I thought some people might be interested in the infrastructure that supports VIAF.
There are two distinct aspects of it. The first is the transformation of the raw data into a database and the second the online system that users interact with.
Essentially all the code that gets the data ready to be indexed is written in Python. Other than the standard Python (2.7) it is all our own code, no added libraries. Most of the processing is done using map-reduce using a system written by Jenny Toves (in Python of course), who also wrote much of the matching code for VIAF. We started using map-reduce shortly after Google wrote about the technique, gradually improving and extending our system as VIAF and WorldCat processing got larger and larger.

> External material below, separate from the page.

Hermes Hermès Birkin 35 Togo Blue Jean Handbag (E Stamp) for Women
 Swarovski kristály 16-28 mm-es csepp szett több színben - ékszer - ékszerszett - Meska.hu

However Hadoop has overtaken us! We are in the midst of moving to a new machine set up for running Hadoop, porting the VIAF build software to it along with some FRBR processing. Most of the code will remain in Python, but will be using streaming map-reduce support of Hadoop, which is really quite nice. In addition to becoming a standard part of OCLC's production software, Hadoop has a lot of nice job control and monitoring features that are more comprehensive than we were ever able to add to our home-built framework, and it gives us access to HBase.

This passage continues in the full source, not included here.